Zweite Ausgabe: Belletristik und Dokumentarfilm
Em Pixote und Bananen sind mein Geschäft, erleben wir eine Reihe hybrider Stile, die sich auf die eine oder andere Weise um die Konflikte der Repräsentation drehen. In einigen Filmen sehen wir ein System, das hauptsächlich auf Archivmaterial basiert. In anderen Fällen wird die fiktive Darstellung genutzt, um einen brisanten sozialen Konflikt zu mystifizieren. Jeder Film präsentiert eine andere Synthese dieser Darstellungsmodi, einige verinnerlichen diese unterschiedlichen Modi sogar in einer prägnanten Sprache. Die Darstellung der Realität, so legen diese Filme nahe, bedeutet, den gleichzeitigen Ausdruck der Stimmen von Fiktion und Sachliteratur zu ermöglichen.
Em PixelHector Babenco nutzt einen fiktionalen Erzählmodus, um das Leben von Straßenkindern in Brasilien darzustellen. Obwohl der Stil und die Erzählung aus fiktionalen Handlungssträngen aufgebaut sind, gelingt es dem Film, einen Look und eine Herangehensweise beizubehalten, die eher der Dokumentation als der Fiktion zu ähneln scheinen. Das Thema von Pixel scheint eher für das Dokumentarfilmformat als für die Fiktion geeignet zu sein, da der Kern des Films die Darstellung der dramatischen Lebensbedingungen junger, verlassener Bewohner der brasilianischen Metropolen ist.
Man könnte zu der Annahme verleitet werden, dass durch Dokumentarfilme ein gewisses und notwendiges Gefühl der Unmittelbarkeit direkter erreicht würde als durch Fiktion. Die Situation, die leider immer aktuell ist, ist die Spannung zwischen diesen Opfern und der mörderischen Brutalität der sogenannten „Todesschwadronen“ und Strafanstalten und sogar der angeblichen Hilfe für Straßenjugendliche. Solche Konflikte produzieren endlos Geschichten und noch mehr Geschichten, die die brasilianische Gesellschaft mit Scham, Schock und Empörung erfüllen. Es scheint, dass jede Fiktion zu diesem unglücklichen Panorama kaum etwas beitragen könnte.

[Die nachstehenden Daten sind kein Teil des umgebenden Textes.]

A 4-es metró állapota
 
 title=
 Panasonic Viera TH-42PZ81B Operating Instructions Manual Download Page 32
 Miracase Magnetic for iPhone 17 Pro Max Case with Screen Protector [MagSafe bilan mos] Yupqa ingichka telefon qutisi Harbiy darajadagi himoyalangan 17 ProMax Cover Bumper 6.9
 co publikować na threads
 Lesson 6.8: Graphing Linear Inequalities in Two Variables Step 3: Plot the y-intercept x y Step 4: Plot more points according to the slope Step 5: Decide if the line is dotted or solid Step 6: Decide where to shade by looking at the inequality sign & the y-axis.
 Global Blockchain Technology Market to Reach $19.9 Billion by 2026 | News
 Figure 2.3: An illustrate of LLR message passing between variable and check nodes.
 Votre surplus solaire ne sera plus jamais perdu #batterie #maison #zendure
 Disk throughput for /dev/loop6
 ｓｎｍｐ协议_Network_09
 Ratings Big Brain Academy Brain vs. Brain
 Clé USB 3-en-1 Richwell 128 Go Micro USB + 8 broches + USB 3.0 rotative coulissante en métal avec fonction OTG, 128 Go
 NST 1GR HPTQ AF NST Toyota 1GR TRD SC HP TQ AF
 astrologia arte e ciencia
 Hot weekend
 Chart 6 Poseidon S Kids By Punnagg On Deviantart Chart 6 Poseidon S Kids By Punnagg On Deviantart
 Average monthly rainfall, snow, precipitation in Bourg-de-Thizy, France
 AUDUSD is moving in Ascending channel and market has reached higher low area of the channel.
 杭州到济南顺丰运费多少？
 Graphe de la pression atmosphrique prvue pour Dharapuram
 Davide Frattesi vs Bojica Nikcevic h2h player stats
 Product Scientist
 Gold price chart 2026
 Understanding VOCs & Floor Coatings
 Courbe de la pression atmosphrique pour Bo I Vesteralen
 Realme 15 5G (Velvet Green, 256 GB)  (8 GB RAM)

Doch wie es der Zufall will, bedient sich Babenco hier einer fiktionalen Darstellungsweise. Andererseits handelt es sich weder um eine konventionelle Form der Fiktion noch um einen radikalen Verfilmungsstil. Es handelt sich eher um eine Synthese der beiden Projekte, bei denen der Regisseur echte Straßenkinder einsetzte, was dem Film einen Ton der Legitimität von unbestreitbarer Wirkung verlieh. Gleichzeitig bedient sich Babenco der Fiktion, um die inneren Konflikte dieser elenden Charaktere darzustellen, indem er Sequenzen und Szenen konstruiert, die dem konventionellen Erzählstil des klassischen Kinos folgen und durch psychologische Entwicklung und Handlung unterstützt werden. Er fiktionalisiert diese Geschichten nicht unbedingt, aber es gibt natürlich ein hohes Maß an narrativer Manipulation, das jeden Versuch, sich dem Dokumentarfilm anzunähern, ausschließt. Tatsächlich zeigt diese hybride Erzählung, eine Synthese aus Fiktion und Dokumentarfilm, wie sehr Babenco die Geschichten realer Charaktere manipuliert hat.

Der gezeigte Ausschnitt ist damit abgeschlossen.